Efe smiled. He was, Beth noticed, positively sparkling now, as though admitting to this affair somehow made him feel better. He said, ‘She's divorced. And when she does come up while I'm here, it all gets fantastically exciting. We have to take chances sometimes …'

‘I don't want to hear about it, thanks very much. It's revolting.'

‘No, it's not. It's great. Oh, grow up, Beth! You know what goes on. My dad used to be a bit of a lad in the early days, apparently, and got up to all sorts of stuff. No one minds, surely.'

‘I don't suppose Gwen was exactly ecstatic when she found out,' Beth said.

‘She's stayed with him.' Efe picked up the second piece of toast Beth had made for herself and started to butter it. ‘She would have left him if she'd had any strong objections.'

Beth decided to change the subject.
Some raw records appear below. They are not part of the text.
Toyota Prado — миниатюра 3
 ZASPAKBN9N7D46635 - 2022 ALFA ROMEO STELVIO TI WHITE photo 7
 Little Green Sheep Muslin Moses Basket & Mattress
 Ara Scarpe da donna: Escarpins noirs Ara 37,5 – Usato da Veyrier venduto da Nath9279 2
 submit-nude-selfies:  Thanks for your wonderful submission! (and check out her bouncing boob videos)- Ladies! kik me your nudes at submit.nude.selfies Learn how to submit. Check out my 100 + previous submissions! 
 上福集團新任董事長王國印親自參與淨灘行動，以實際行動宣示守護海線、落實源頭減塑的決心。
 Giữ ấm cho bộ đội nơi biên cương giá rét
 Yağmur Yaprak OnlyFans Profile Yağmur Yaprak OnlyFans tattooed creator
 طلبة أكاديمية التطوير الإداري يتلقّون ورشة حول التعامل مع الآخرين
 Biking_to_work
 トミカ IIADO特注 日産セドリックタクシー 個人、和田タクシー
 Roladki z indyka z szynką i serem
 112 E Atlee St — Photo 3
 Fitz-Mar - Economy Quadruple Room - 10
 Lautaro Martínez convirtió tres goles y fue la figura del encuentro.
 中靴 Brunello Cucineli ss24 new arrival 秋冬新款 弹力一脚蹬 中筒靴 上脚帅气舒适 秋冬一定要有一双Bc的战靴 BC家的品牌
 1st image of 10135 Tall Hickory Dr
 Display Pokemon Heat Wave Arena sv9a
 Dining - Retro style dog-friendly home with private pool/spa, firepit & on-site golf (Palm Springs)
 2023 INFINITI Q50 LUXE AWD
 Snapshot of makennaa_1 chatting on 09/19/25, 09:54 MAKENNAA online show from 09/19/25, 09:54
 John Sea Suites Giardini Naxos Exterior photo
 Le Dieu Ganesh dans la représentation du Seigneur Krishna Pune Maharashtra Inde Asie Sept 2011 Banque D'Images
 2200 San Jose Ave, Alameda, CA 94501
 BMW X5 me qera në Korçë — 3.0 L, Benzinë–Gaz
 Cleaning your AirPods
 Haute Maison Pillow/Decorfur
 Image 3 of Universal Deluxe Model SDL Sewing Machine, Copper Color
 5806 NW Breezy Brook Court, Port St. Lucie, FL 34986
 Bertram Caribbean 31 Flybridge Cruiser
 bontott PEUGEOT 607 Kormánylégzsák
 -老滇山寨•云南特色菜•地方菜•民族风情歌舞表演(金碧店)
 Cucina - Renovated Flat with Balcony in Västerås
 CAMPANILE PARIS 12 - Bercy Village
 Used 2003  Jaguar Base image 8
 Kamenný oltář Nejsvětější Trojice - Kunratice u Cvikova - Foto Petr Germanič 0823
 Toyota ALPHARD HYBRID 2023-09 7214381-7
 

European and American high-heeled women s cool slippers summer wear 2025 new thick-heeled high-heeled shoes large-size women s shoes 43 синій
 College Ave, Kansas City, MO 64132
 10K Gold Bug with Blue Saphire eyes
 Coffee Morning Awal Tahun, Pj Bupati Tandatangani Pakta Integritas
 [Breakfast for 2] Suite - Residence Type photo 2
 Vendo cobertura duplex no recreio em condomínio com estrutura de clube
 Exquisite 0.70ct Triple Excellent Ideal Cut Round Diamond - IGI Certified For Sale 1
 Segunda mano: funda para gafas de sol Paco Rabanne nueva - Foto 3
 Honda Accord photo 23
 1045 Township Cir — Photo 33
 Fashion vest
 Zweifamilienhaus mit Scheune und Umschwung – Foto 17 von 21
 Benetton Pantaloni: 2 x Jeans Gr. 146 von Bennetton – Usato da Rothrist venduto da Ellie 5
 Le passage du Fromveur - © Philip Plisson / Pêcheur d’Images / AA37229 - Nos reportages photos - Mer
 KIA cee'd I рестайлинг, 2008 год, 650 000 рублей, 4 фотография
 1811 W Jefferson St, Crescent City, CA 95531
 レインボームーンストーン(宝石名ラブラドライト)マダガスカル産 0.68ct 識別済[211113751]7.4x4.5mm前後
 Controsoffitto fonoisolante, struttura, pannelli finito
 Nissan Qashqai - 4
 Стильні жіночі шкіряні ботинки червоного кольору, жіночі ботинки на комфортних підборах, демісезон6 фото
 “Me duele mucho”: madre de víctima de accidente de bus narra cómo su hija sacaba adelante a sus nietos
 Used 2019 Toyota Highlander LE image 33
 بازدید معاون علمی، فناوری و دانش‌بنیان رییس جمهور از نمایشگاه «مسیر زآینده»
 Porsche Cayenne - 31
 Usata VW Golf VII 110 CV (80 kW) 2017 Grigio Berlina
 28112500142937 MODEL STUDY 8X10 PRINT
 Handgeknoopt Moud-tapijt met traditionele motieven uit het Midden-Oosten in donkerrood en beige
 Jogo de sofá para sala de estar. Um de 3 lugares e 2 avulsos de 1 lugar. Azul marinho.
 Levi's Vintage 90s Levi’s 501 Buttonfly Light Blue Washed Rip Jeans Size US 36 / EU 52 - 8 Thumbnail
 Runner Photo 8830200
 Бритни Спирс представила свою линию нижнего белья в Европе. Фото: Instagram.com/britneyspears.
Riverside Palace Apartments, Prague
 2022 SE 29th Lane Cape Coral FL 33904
There was no point, she could see, in explaining to Efe about all the other reasons his mother might have had for deciding to turn a blind eye. Like the fact that she had three children to consider. Like the fact that she loved him in spite of his infidelities. In any case, he was a reformed character now. Men were such fools sometimes and Efe was beginning to irritate her.

If the conversation had gone differently, Beth thought
she might have been brave enough to ask Efe about his violence towards his wife. While she was with Fiona, she'd felt a blind rage overtaking her, and if Efe had been in the room with them, she might very well have lost it and yelled at him, screamed at him for his unkindness and for not being the person she'd been dreaming he was for years and years. Now, though, faced with him across the table, smiling and looking just as he always did, it was hard to believe that he could be the man Fiona had described to her. She knew she should say something, do something that might possibly help the situation, but she could hear voices outside the kitchen. Chloë and Philip were coming, so that was that.

‘Hiya,' Chloë said, and slumped down into the chair next to Beth, white as a ghost. ‘This is what mornings look like, then. Glad I don't see too many of them. Pass the juice, Efe.'

She ran her hands through her hair and it stood up in spikes. She was wearing baggy jeans, and a T-shirt splotched with paint in various colours and torn in several places.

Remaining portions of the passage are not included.